:: YOUR ASSIGNMENT ::
Before printing the listing, strip out its pictures and keep everything else exact.

:: MATERIAL PROVIDED ::
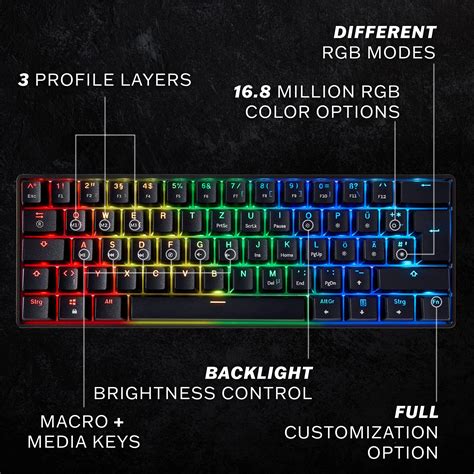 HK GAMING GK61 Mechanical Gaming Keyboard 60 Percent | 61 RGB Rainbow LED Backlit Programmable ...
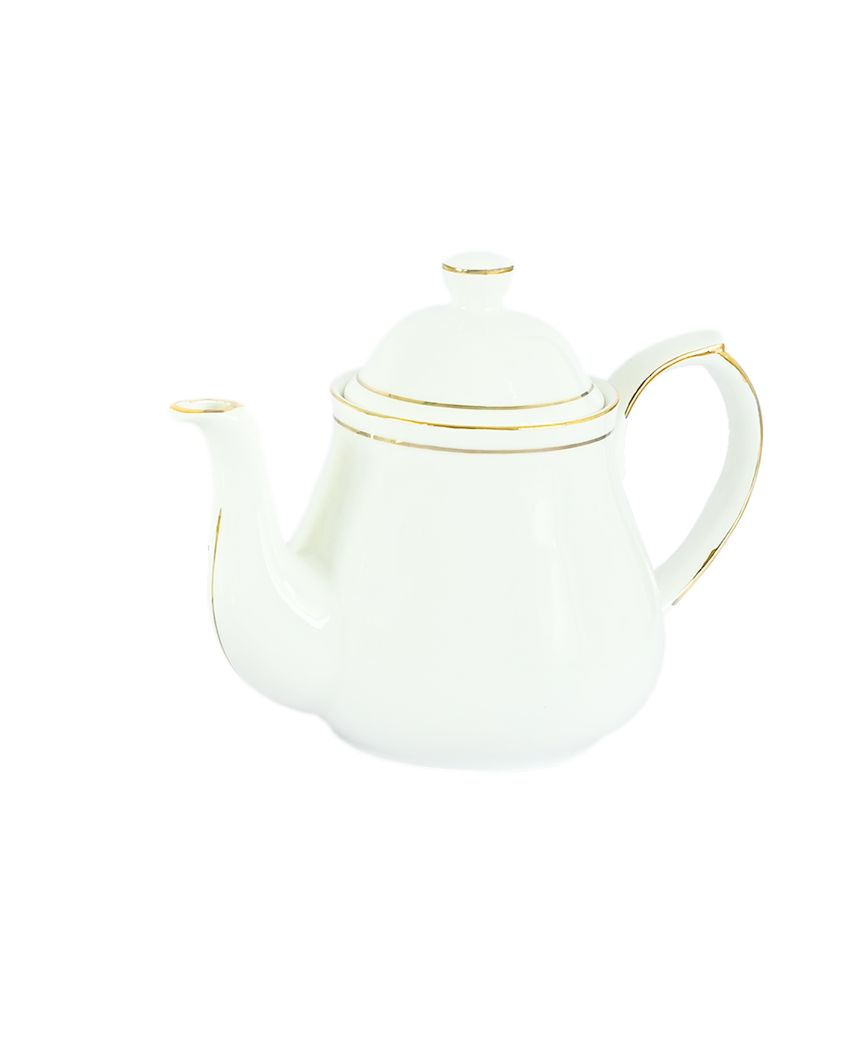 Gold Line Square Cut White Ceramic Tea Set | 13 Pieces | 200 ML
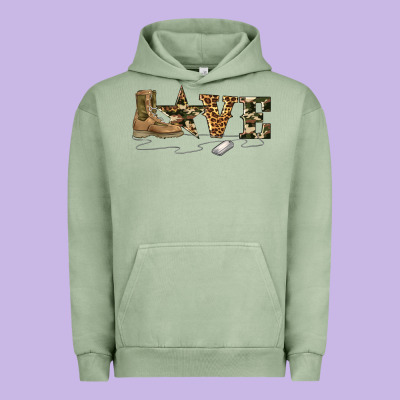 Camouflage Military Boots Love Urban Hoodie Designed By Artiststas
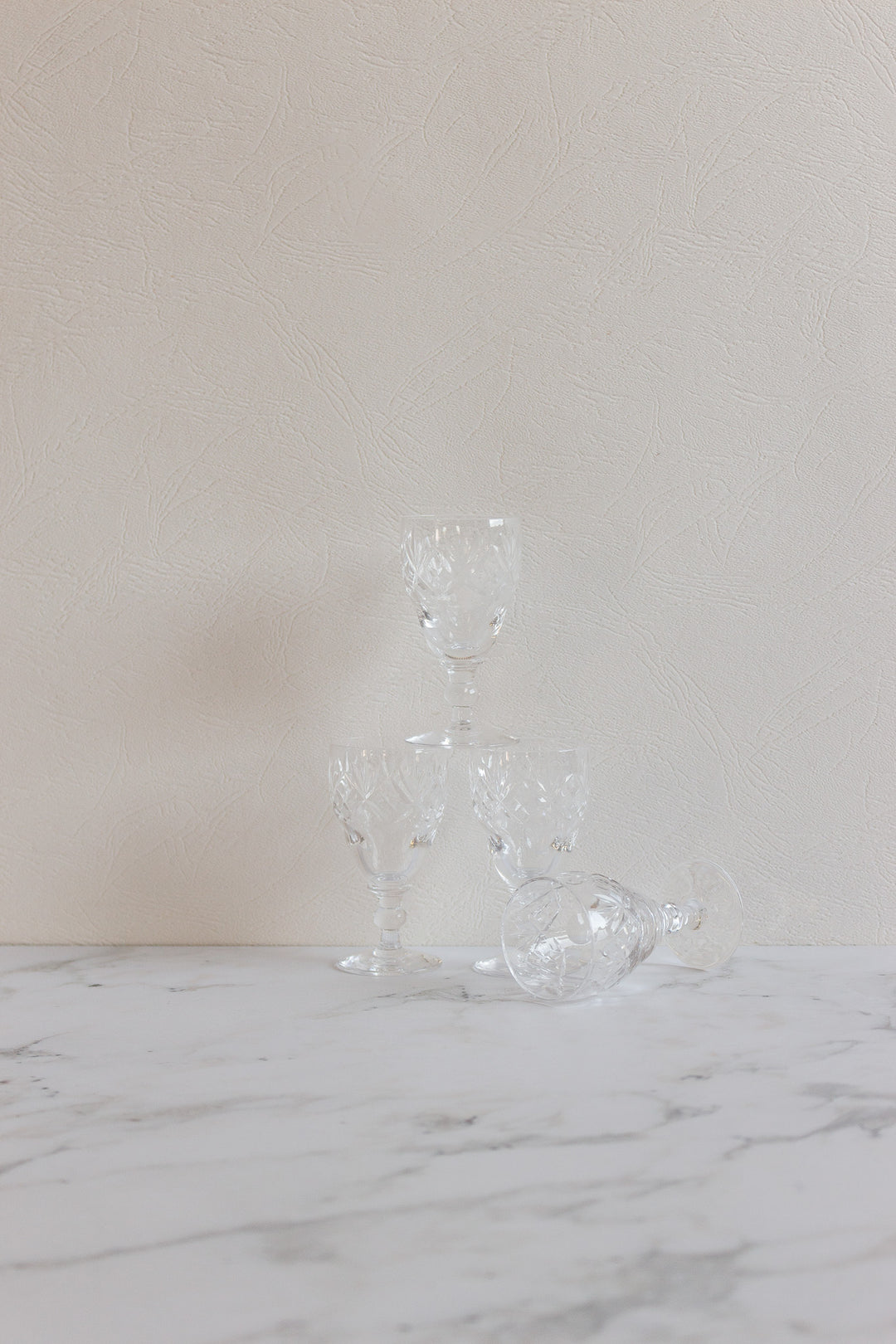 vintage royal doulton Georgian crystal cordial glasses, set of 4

:: RESULT BELOW ::
 HK GAMING GK61 Mechanical Gaming Keyboard 60 Percent | 61 RGB Rainbow LED Backlit Programmable ...
 Gold Line Square Cut White Ceramic Tea Set | 13 Pieces | 200 ML
 Camouflage Military Boots Love Urban Hoodie Designed By Artiststas
 vintage royal doulton Georgian crystal cordial glasses, set of 4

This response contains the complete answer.